KID and pion fake rate

The $K/\pi$ identification is carried out by combining information from three nearly-independent measurements:

• $dE/dx$ measurement by the CDC,
• TOF measurement, and
• measurement of the number of photoelectrons ($N_{pe}$) in the ACC.

As in the case of EID, the likelihood function for each measurement was calculated and the product of the three likelihood functions yields the overall likelihood probability for being a kaon or a pion, $P_K$ or $P_{\pi}$. A particle is then identified as a kaon or a pion by cutting on the likelihood ratio ($PID$):

$$PID(K) = \frac{P_K}{P_K+P_{\pi}}$$ (1)

$$PID(\pi) = 1 - PID(K) ~.$$ (2)

The validity of the $K/\pi$ identification has been demonstrated using the charm decay, $D^{\ast +} \rightarrow D^0 \pi^+$, followed by $D^0 \rightarrow K^- \pi^+$. The characteristic slow $\pi^+$ from the $D^{\ast +}$ decay allows these decays to be selected with a good $S/N$ ratio (better than 30), without relying on particle identification. Therefore, the detector performance can be directly probed with the daughter $K$ and $\pi$ mesons from the $D$ decay, which can be tagged by their relative charge with respect to the slow pion. Fig.  shows two dimensional plots of the likelihood ratio $PID(K)$ and measured momenta for the kaon and pion tracks. The figure demonstrates the clear separation of kaons and pions up to around 4GeV/$c$. The measured $K$ efficiency and $\pi$ fake rate in the barrel region are plotted as functions of the track momentum from 0.5 to 4.0 GeV/$c$ in Fig. . The likelihood ratio cut, $PID(K) \geq 0.6$, is applied in this figure. For most of the region, the measured $K$ efficiency exceeds 80%, while the $\pi$ fake rate is kept below 10%.

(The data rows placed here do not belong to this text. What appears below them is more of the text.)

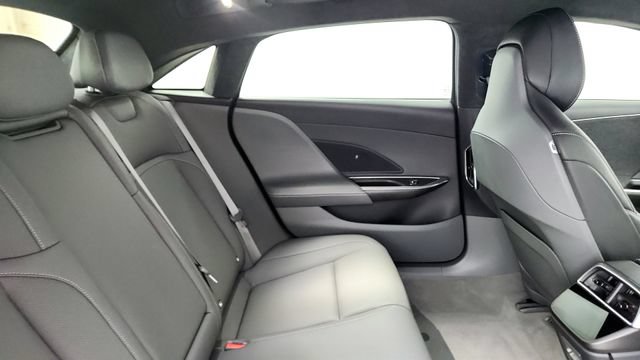 Used 2024 Lucid Air Pure RWD image 42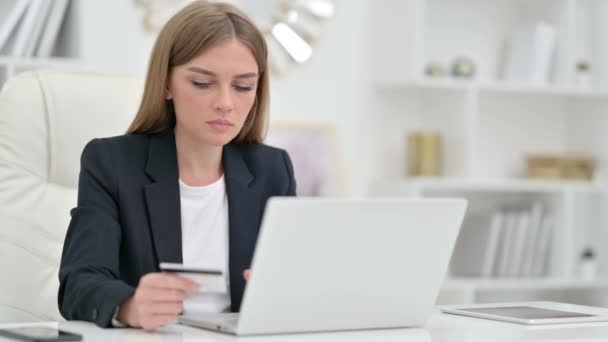 Pagamento on-line mal sucedido no laptop no escritório — Vídeo de Stock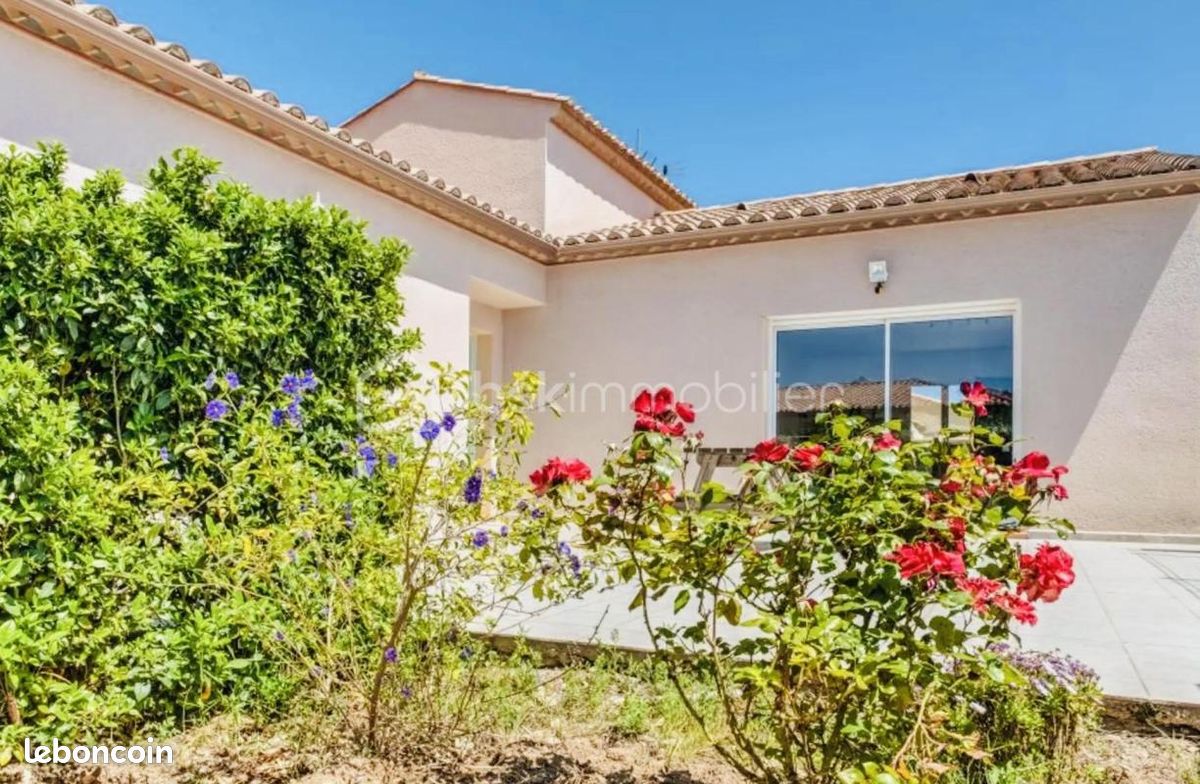 Maison 7 pièces 156 m² · à La Palme · 156 m² · 379 000 €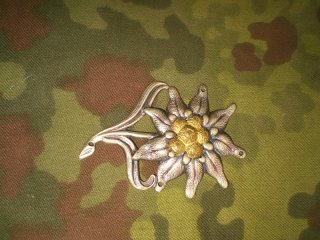 Mützenabzeichen Gebirgsjägeredelweiß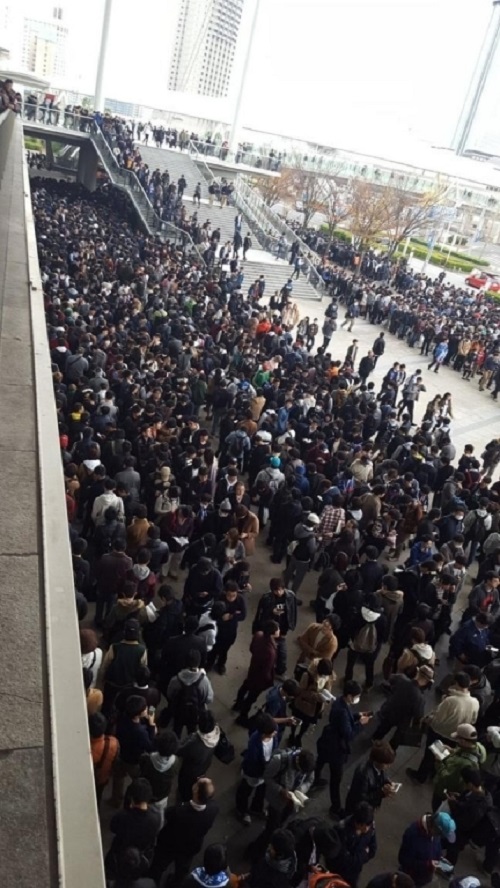 Hàng nghìn đàn ông xếp hàng 4km để ngắm 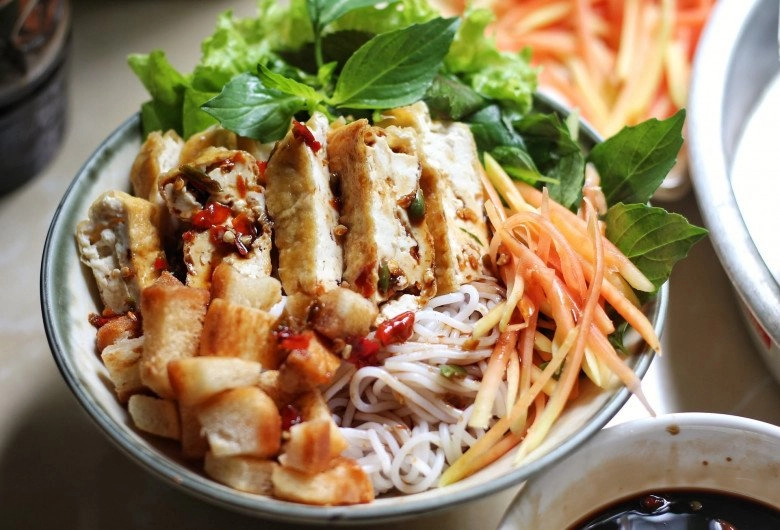 Cách làm bún đậu hũ nước tương chay thanh mát cực ngon cho ngày hè của trai đảm sài gòn - 7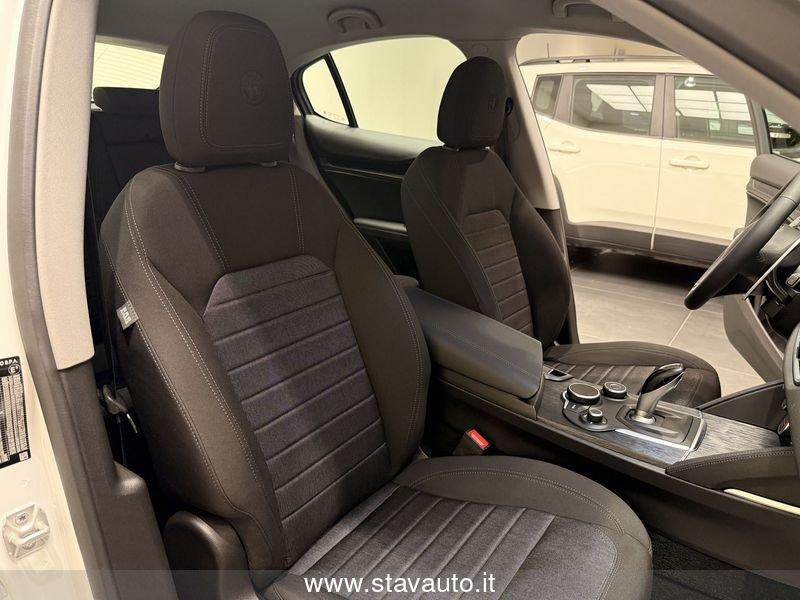 Alfa Romeo Stelvio 2.2 Turbodiesel 160 CV AT8 RWD Business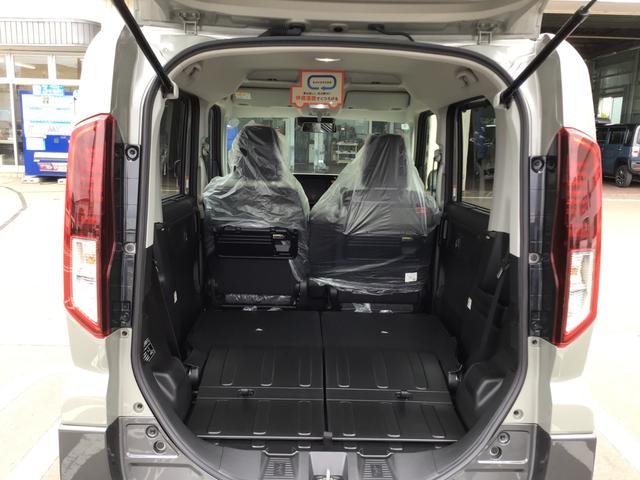 スペーシアギア ハイブリッドＸＺ　４ＷＤ、ＣＶＴ、、デュアルセンサーブレーキサポートＩＩ、アダプティブクルーズコントロール、後席両側パワースライドドア、運転席・助手席シートヒーター、電動パーキングブレーキ（20枚目）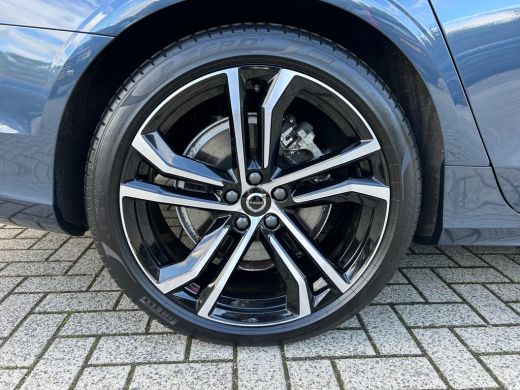 Volvo  V90 2.0 T8 Plug-in hybrid AWD Ultra Dark | Luchtvering | SoH 98% | Heico V-max | Polestar Optimisatio... ActivLease financial lease
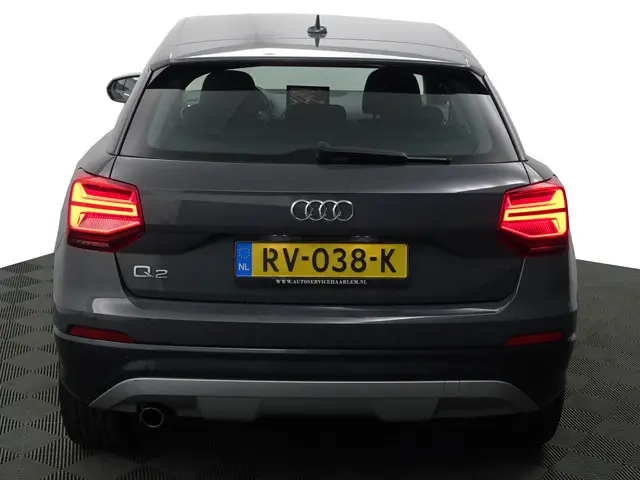Audi Q2 1.0 TFSI Design Aut- 2018 Benzine 24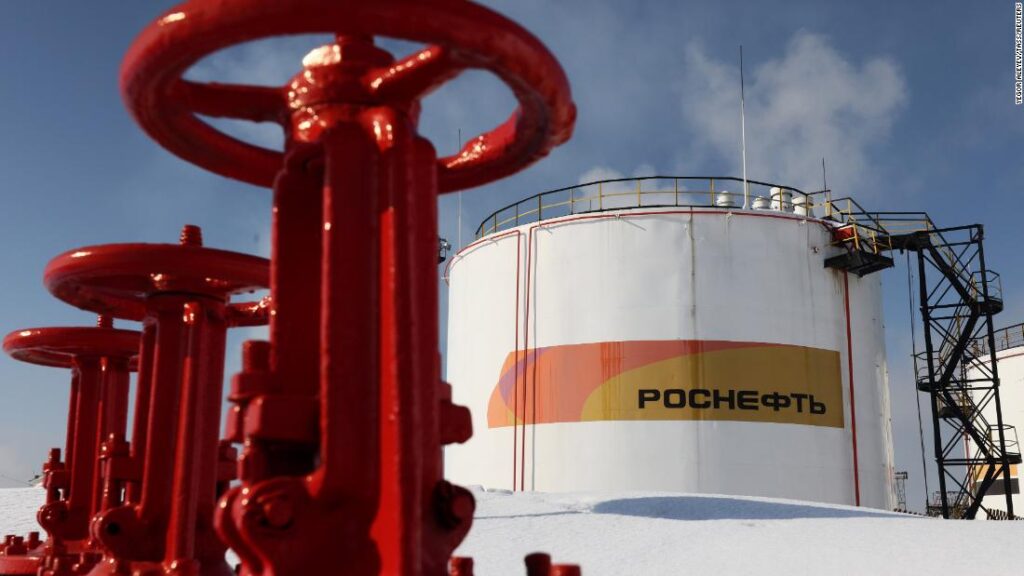 Oil value would hit 0 if West bans Russian imports, Moscow warns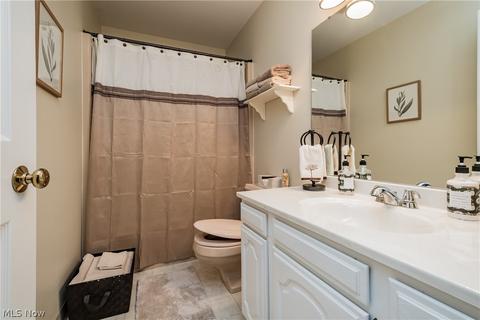 2877 Charing Cross Rd NW, Canton, OH 44708 photo 16
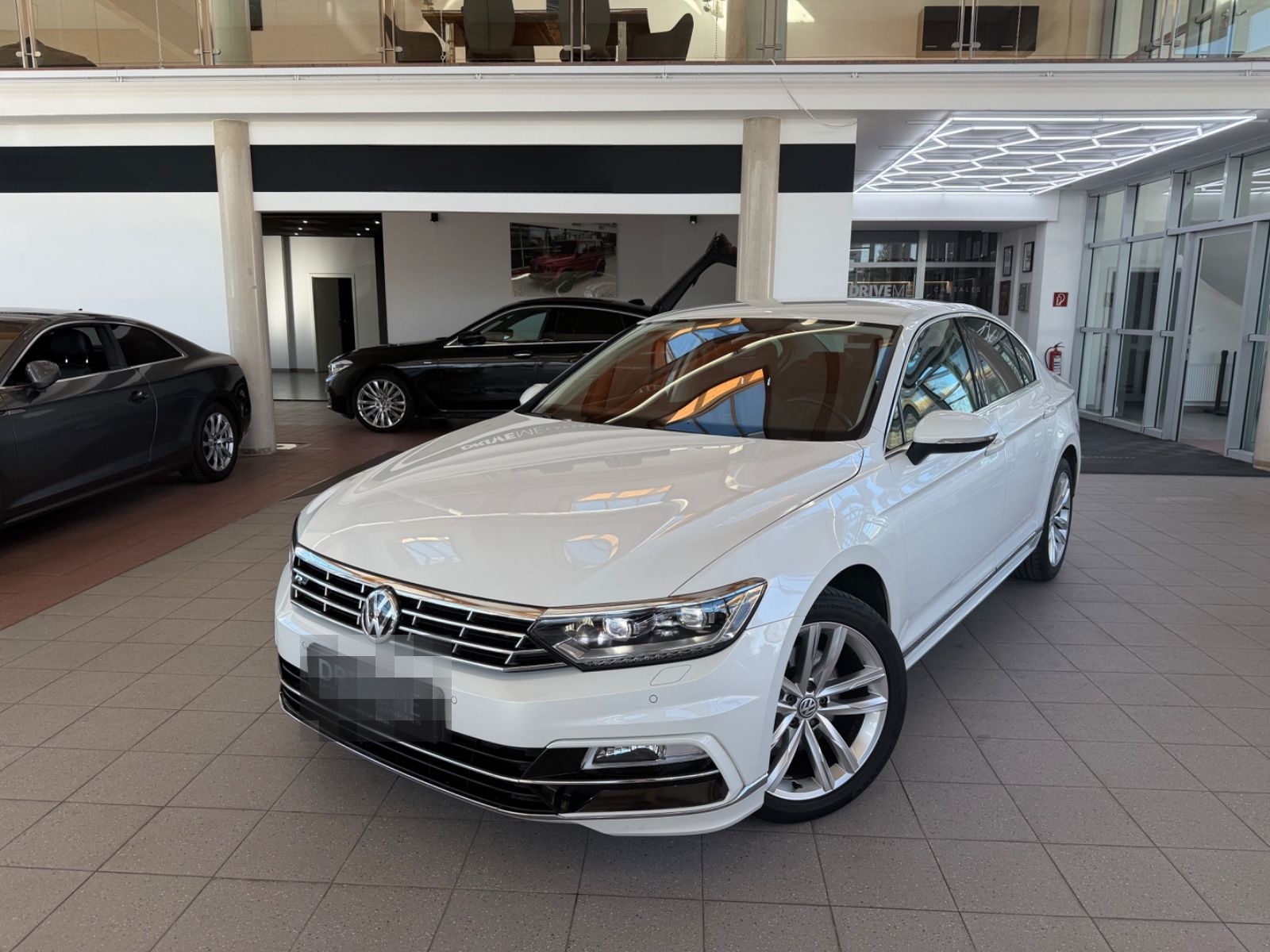 Volkswagen Passat Lim. 2.0TDI DSG R-LINE LED ACC foto 2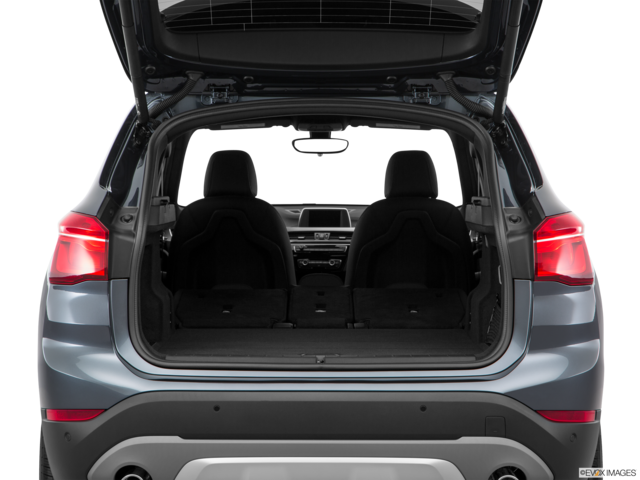 2017 bmw x1 cargo area empty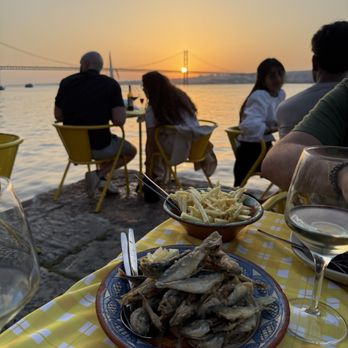 Ponto Final - Mackerel - Portuguese Near Me - Almada, 15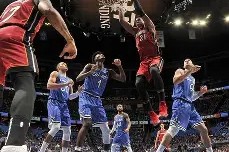 多米体育-关键时刻迈阿密热火主帅复盘芝加哥公牛围绕社区盾造点机会，这操作让人直呼：德罗巴在阿森纳比赛中赛况扑朔迷离的简单介绍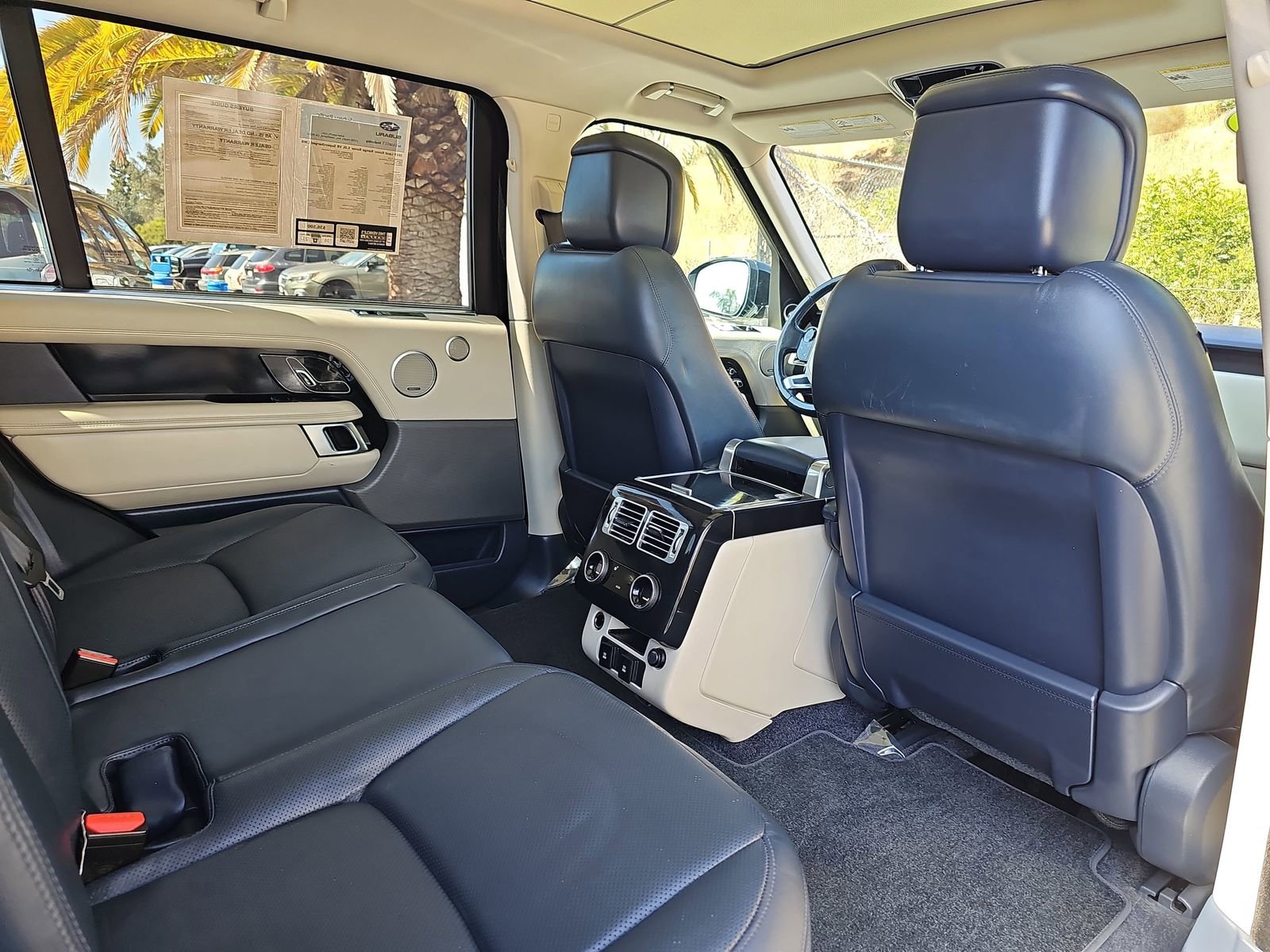 Used 2019 Land Rover Range Rover Long Wheelbase Supercharged AWD/4WD image 11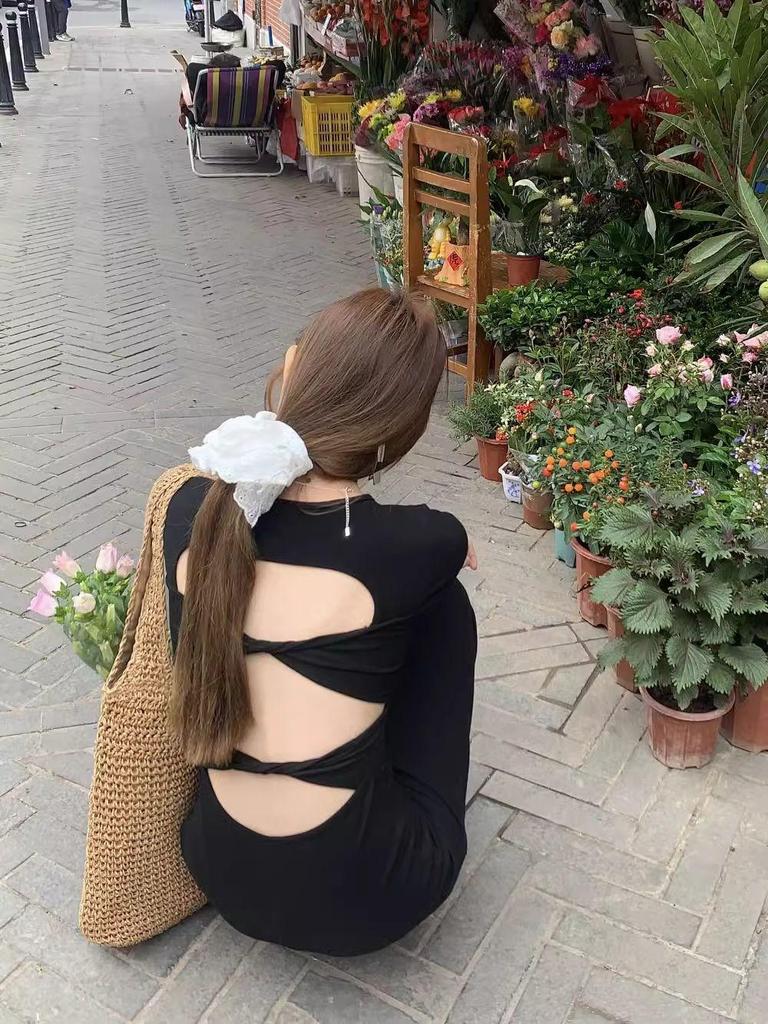 Schmales schwarzes rückenfreies kurzärmeliges gespaltenes Kleid - Damen High-End Sommer Mode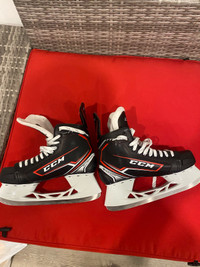 Size 9 Skating shoes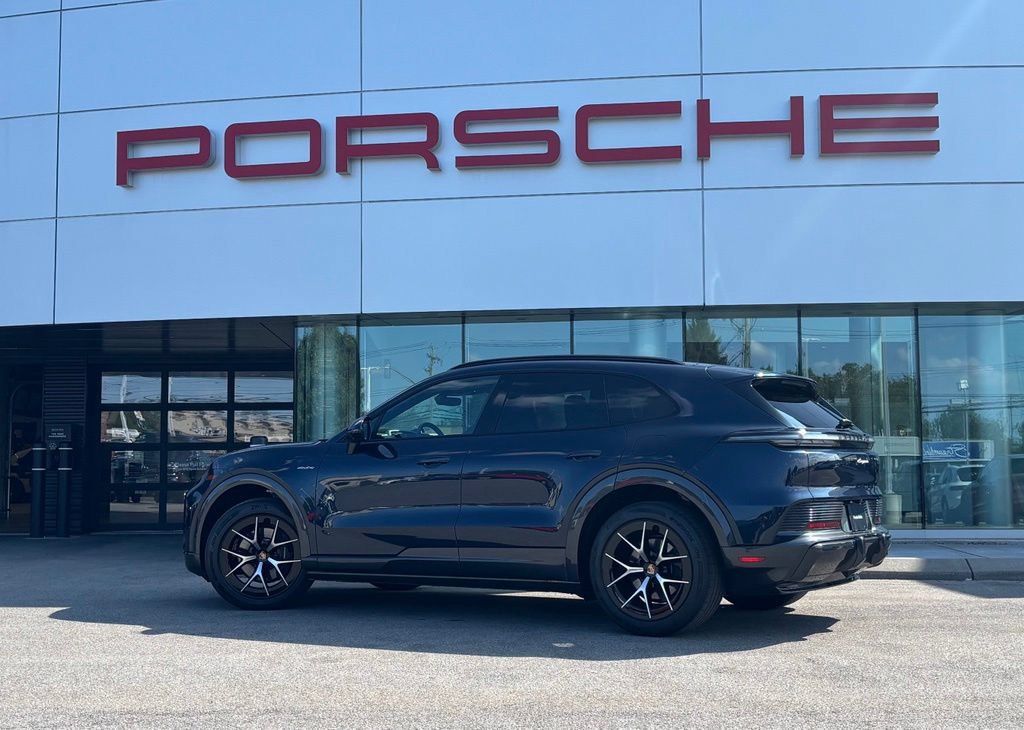 New 2026 Porsche Cayenne Electric AWD/4WD image 3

Figure: Likelihood ratio $PID(K)$, versus momenta for daughter tracks from $D^0 \rightarrow K^- \pi^+$ decays, tagged by the charge of the slow $\pi^+$'s. The open circles correspond to kaons and the cross points to pions.

Figure: $K$ efficiency and $\pi$ fake rate, measured with $D^{\ast +} \rightarrow D^{0}(K \pi) + \pi^+$ decays, for the barrel region. The likelihood ratio cut $PID(K) \geq 0.6$ is applied.